> **TASK DIRECTIONS**: From the material below, please set down exactly the lines starting with the one with "Lightspeed-7 types d'extension" and going on through the one with "Lindy River Rocker", without a single picture.

> **EXERCISE MATERIAL**:
Segment Open
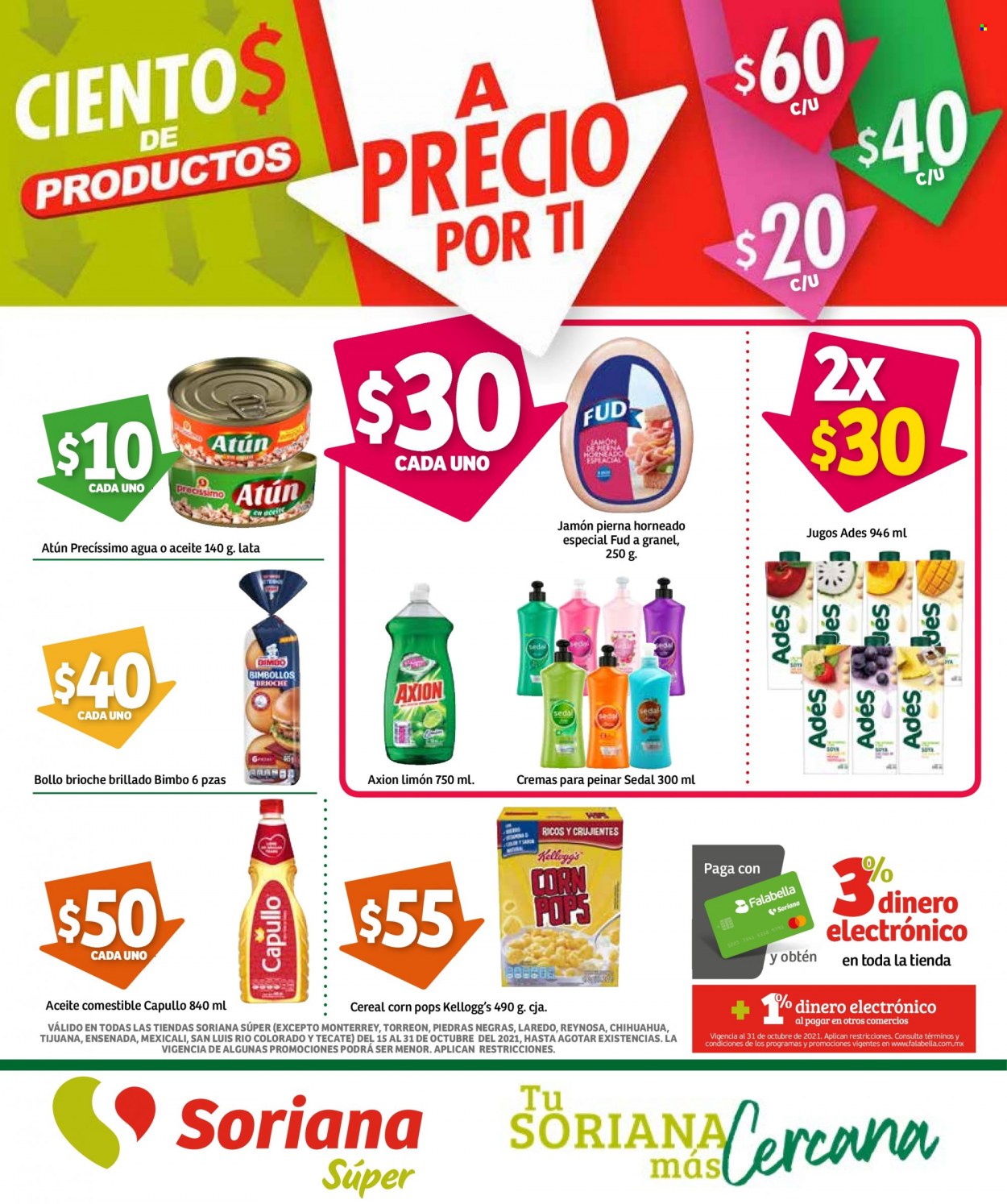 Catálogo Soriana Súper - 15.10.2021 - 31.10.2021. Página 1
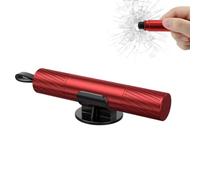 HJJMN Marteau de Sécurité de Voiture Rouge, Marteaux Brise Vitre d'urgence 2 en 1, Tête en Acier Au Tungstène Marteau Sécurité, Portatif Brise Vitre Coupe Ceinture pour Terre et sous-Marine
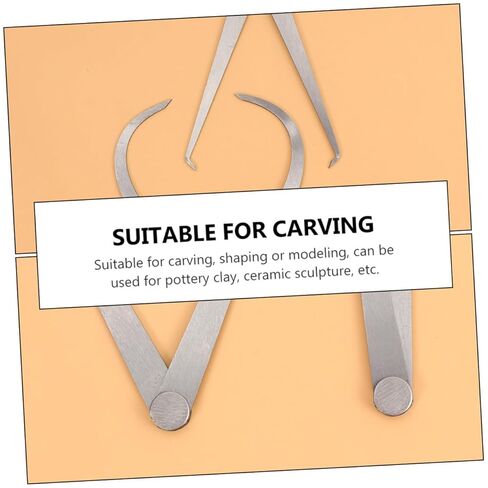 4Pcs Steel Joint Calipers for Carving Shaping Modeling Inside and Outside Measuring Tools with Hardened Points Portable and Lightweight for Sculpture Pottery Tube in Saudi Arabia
Segment Closed
Segment Open
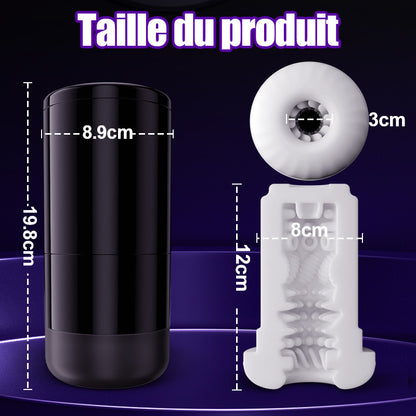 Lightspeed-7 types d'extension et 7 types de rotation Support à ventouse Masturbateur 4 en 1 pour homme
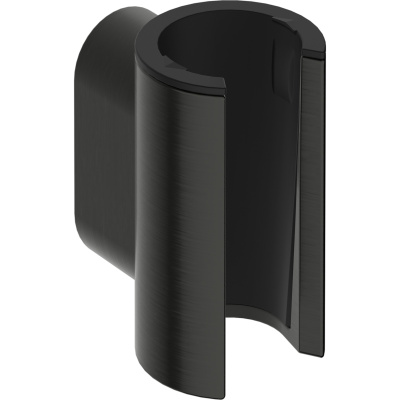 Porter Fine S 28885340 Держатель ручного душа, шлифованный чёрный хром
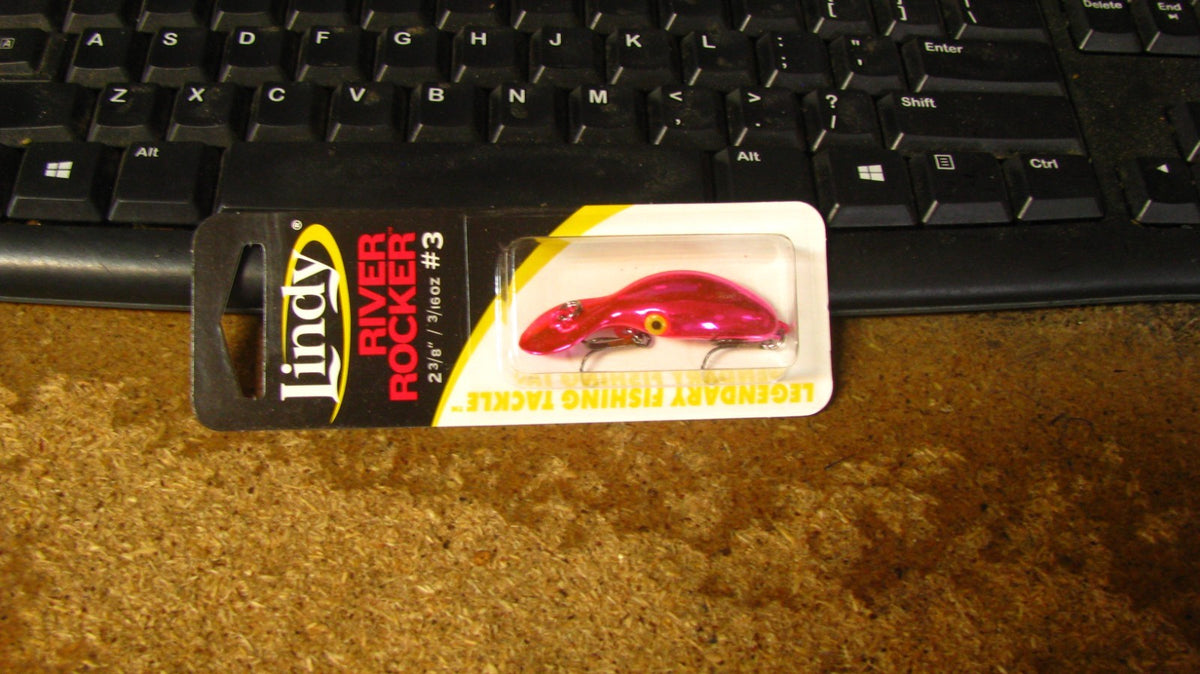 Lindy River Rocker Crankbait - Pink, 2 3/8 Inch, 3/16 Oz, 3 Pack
Segment Closed
Segment Open
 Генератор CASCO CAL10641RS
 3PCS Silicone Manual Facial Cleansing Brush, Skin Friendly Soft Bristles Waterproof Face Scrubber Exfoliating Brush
Segment Closed
> **THE ANSWER**:
 Lightspeed-7 types d'extension et 7 types de rotation Support à ventouse Masturbateur 4 en 1 pour homme
 Porter Fine S 28885340 Держатель ручного душа, шлифованный чёрный хром
 Lindy River Rocker Crankbait - Pink, 2 3/8 Inch, 3/16 Oz, 3 Pack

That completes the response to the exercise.